This is the mail archive of the
mailing list for the glibc project.
Re: PPC64 libmvec sincos/sincosf ABI
- From: Bill Schmidt <wschmidt at linux dot ibm dot com>
- To: GT <tnggil at protonmail dot com>, "libc-alpha at sourceware dot org" <libc-alpha at sourceware dot org>
- Date: Fri, 20 Sep 2019 15:25:52 -0500
- Subject: Re: PPC64 libmvec sincos/sincosf ABI
- References: <VI1PR0801MB2127D8F615416EA63BBEF4E583D50@VI1PR0801MB2127.eurprd08.prod.outlook.com> <email@example.com> <bPU5suQJKGq4tSJT5Ql-a4CHhOfAzI6bEPBnVxzjR5_MRWpTITv2LueySiGKZjGzI2lnmxgmk9bn6oXcfKUp6JXbsGkVpm5k0kuFUq2Mgzofirstname.lastname@example.org>
- Reply-to: wschmidt at linux dot ibm dot com
On 9/20/19 2:25 PM, GT wrote:
‐‐‐‐‐‐‐ Original Message ‐‐‐‐‐‐‐
On Thursday, August 8, 2019 11:25 AM, Bill Schmidt email@example.com wrote:
Let me jump in here to answer a general question that I think Bert has
had for a while.
For the PPC64LE ABI, we should be returning everything through registers
wherever possible. The ABI supports multiple return values of the same
type (up to 8 vector return values, for example), using the same
registers used for passing parameters. For simplicity in this example,
I'll use the AltiVec-style types (vector double), but this works
identically if you use more generically defined vector types.
vector double sinvals;
vector double cosvals;
mysincos (vector double a)
struct sincosret scr;
scr.sinvals = a+a; // May be slightly incorrect
scr.cosvals = a*a; // Ditto
This will result in the values being returned in VR2 and VR3:
This is preferable to returning values indirectly through memory, which
on older POWER processors can result in stalls from the store and load
being too close together and possibly executed out of order. The cost
is pretty much negligible compared to the cost of computing sin/cos, but
we might as well do it the best way that the ABI provides.
I believe we can now answer the issues that Joseph raised earlier in this thread.

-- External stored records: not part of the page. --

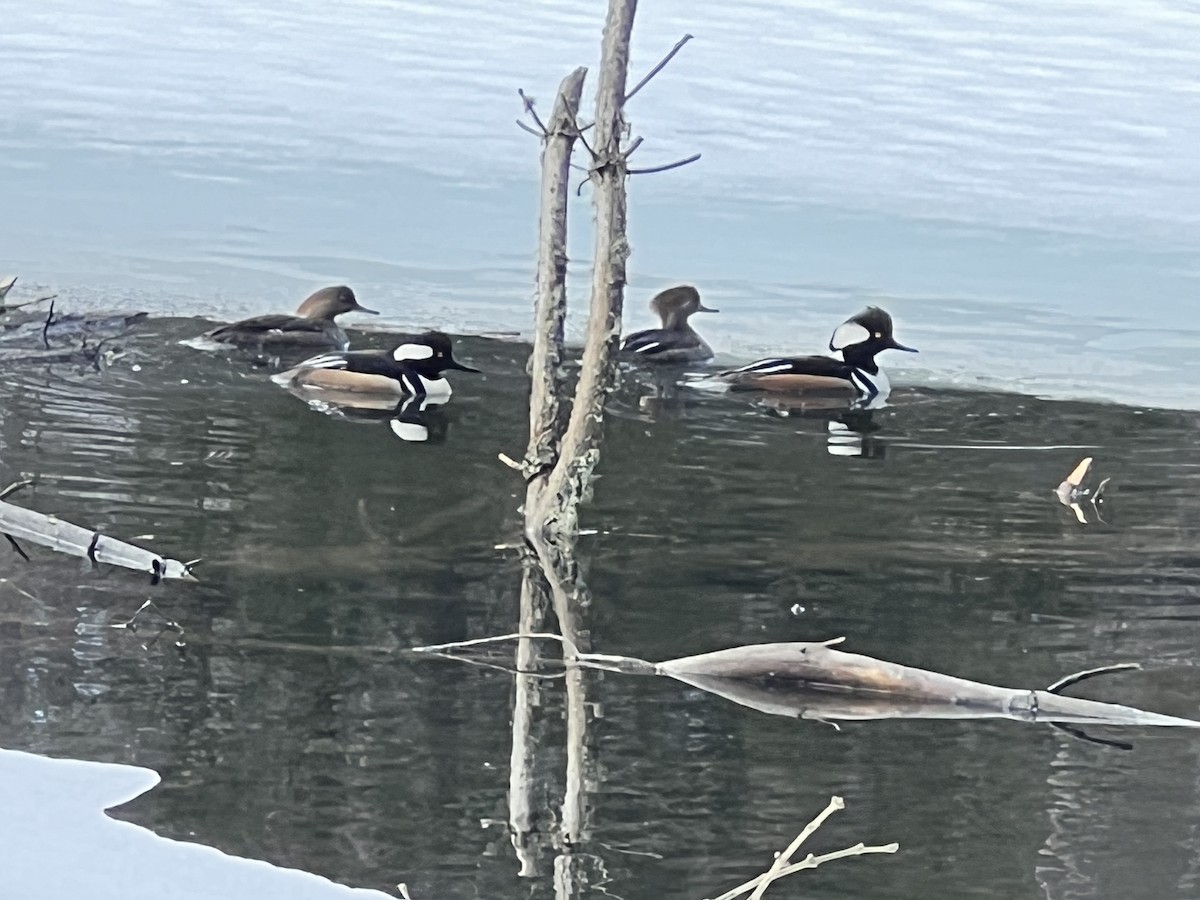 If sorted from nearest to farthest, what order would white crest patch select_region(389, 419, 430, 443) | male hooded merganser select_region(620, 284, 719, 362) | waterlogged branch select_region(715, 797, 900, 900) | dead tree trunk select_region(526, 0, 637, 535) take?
waterlogged branch select_region(715, 797, 900, 900) < dead tree trunk select_region(526, 0, 637, 535) < white crest patch select_region(389, 419, 430, 443) < male hooded merganser select_region(620, 284, 719, 362)

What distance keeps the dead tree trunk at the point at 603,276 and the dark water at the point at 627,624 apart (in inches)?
9.3

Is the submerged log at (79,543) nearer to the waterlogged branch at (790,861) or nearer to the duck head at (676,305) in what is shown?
Answer: the waterlogged branch at (790,861)

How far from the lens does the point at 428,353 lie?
511 cm

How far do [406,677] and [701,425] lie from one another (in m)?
2.23

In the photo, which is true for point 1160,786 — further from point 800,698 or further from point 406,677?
point 406,677

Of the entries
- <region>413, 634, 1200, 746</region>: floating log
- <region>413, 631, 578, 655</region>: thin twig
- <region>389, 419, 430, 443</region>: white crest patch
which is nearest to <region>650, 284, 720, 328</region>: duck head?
<region>389, 419, 430, 443</region>: white crest patch

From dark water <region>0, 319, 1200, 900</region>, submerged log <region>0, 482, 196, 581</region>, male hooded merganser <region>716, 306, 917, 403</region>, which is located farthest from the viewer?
male hooded merganser <region>716, 306, 917, 403</region>

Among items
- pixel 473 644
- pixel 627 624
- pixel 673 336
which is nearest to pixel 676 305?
pixel 673 336

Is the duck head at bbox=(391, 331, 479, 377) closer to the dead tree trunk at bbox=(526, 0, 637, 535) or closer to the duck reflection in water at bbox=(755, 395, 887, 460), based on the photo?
the duck reflection in water at bbox=(755, 395, 887, 460)

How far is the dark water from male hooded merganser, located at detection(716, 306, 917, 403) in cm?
16

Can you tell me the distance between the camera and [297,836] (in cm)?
216

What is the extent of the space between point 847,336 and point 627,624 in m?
2.67

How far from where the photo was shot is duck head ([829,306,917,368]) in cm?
549

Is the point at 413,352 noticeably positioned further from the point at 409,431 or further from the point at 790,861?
the point at 790,861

Those questions are here: https://sourceware.org/ml/libc-alpha/2019-08/msg00022.html
The PowerPC64 double-precision vector sincos will have this as its prototype:
struct sincosret _ZGVbN2v_sincos (vector double);
The corresponding single-precision vector sincosf will have a prototype:
struct sincosretf _ZGVbN4v_sincosf (vector float);
We also need a new attribute that will indicate when scalar sincos[f] in a loop can be vectorized using the newly redefined PowerPC64 vector sincos[f] functions. None of the existing attributes can be used since the technique used to return multiple values in registers is new AFAIU. So, Bill, are you the designer who can attest that what is agreed to here for the sincos API and ABI will be faithfully reflected in the ABI document?

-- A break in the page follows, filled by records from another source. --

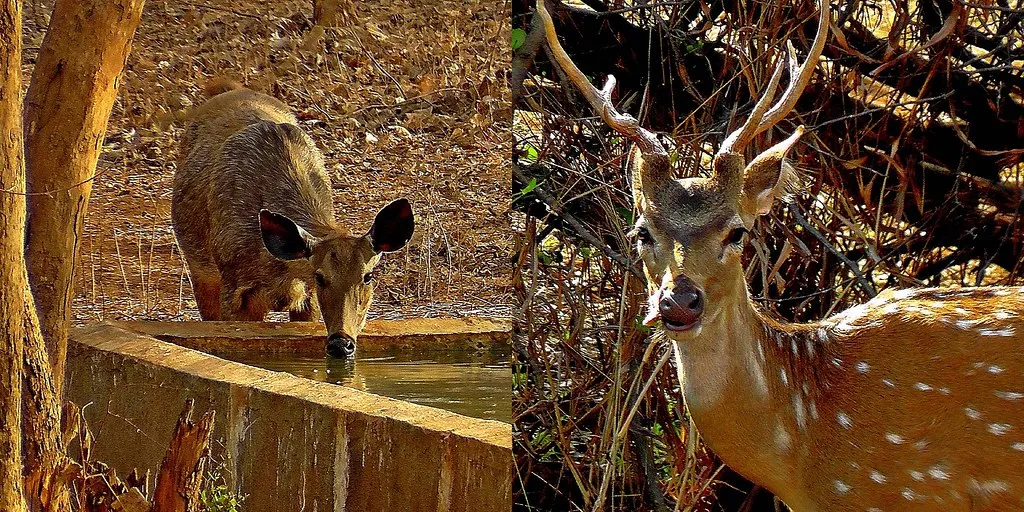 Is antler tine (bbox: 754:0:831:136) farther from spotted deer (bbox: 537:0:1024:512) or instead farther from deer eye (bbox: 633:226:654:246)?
deer eye (bbox: 633:226:654:246)

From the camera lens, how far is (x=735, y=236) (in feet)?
7.97

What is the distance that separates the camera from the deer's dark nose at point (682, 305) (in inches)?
92.0

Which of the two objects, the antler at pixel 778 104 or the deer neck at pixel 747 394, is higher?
the antler at pixel 778 104

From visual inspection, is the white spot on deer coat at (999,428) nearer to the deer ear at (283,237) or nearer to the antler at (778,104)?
the antler at (778,104)

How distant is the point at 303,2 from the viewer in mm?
4371

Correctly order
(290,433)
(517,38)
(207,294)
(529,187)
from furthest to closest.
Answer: (207,294) → (529,187) → (517,38) → (290,433)

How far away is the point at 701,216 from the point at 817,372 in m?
0.44

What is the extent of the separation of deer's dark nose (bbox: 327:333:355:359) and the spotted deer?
1.45 m

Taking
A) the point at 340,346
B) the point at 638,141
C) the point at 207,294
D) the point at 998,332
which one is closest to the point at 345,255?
the point at 340,346

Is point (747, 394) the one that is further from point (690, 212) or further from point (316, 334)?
point (316, 334)

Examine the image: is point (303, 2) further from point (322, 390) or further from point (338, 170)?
point (322, 390)

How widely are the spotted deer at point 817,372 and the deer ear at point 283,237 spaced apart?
152cm

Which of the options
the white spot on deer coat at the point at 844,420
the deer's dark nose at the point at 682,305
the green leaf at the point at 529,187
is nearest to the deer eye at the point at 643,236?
the deer's dark nose at the point at 682,305

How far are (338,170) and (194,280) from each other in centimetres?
63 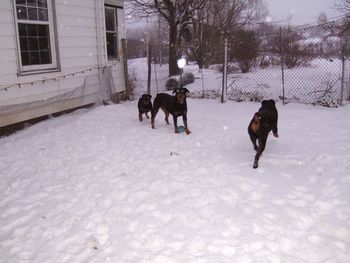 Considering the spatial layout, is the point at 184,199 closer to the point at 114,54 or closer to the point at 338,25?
the point at 114,54

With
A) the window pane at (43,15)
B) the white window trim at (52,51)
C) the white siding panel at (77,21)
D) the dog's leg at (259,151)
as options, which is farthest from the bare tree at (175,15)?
the dog's leg at (259,151)

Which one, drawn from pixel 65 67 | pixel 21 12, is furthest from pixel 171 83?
pixel 21 12

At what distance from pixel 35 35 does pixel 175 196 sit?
18.7ft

Sure, I can work together with you on this. I agree that a new
attribute is needed. The term we use for this in our existing ELFv2 ABI
document is "homogeneous aggregates," so it would be good if the name of
the attribute could reflect that the interface returns a homogeneous
aggregate. This is a bit of a mouthful, so may require some shortening.
As far as the new ABI document goes, I think we are looking to you to
complete the proposal of interfaces, attributes, and so forth so that
the document can be written. I am the right person to work with on this.